ABC is a triangle with \[\angle A = {30^ \circ },BC = 10cm\] . The area of the circumcircle of the triangle is
A.\[100\pi \;sqcm\]
B.\[5\;sqcm\]
C.\[25\;sqcm\]
D.\[\dfrac{{100\pi }}{3}\;sqcm\]

Answer 1

Hint: Firstly, construct the diagram with the help of given information. Find the dimensions of the triangle in order to get the value for radius of the circumcircle. Then find the area of the circumcircle using the formula \[\pi {r^2}\]. The circumcircle of a triangle always passes through all the vertices of the triangle.

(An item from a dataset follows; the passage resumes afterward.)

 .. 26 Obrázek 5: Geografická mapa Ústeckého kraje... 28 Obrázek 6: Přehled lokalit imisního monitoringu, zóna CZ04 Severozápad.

Complete step-by-step answer:
Construction of diagram as per the given dimensions:
                       

Given that ABC is a triangle and \[\angle A = {30^ \circ },BC = 10cm\] .
We need to find the area of the circumcircle of the triangle.
Let O be the center of the circumcircle of the given triangle.
According to the Inscribed Angle Theorem, we know that:
The centered angle is equal to twice of the opposite angle.
So, \[\angle BOC = 2\angle A\]
Therefore, \[\angle BOC = {60^ \circ }\]
Hence OB and OC are the radii of the circumcircle of the given triangle.
Thus, \[\angle OBC = \angle OCB = {60^ \circ }\]
Therefore, OBC is an equilateral triangle.
The radius of the circle\[ = OB = OC = BC = 10cm\]
Hence the area of the circumcircle of a triangle \[ = \pi {r^2}\]
Since, the radius of the circumcircle of the given triangle is \[10\,cm\].
Therefore, we get the area of the circumcircle of a triangle as:
 \[ = \pi {10^2} = 100\pi \]
Therefore, area of the circumcircle \[ = 100\pi {\text{ sq cm}}\]
Hence, we get the required answer to the question.
So, the correct answer is “Option A”.

Note: Locate accurately which line of the triangle forms the radius of the circumcircle. Keep in mind that the circumcircle of a triangle always passes through all the vertices of the triangle. We should have accuracy in calculations, derivatives and arithmetic in order to be sure of the final answer. We must know that there may be additional information given in the question that is not of use in solving the problem.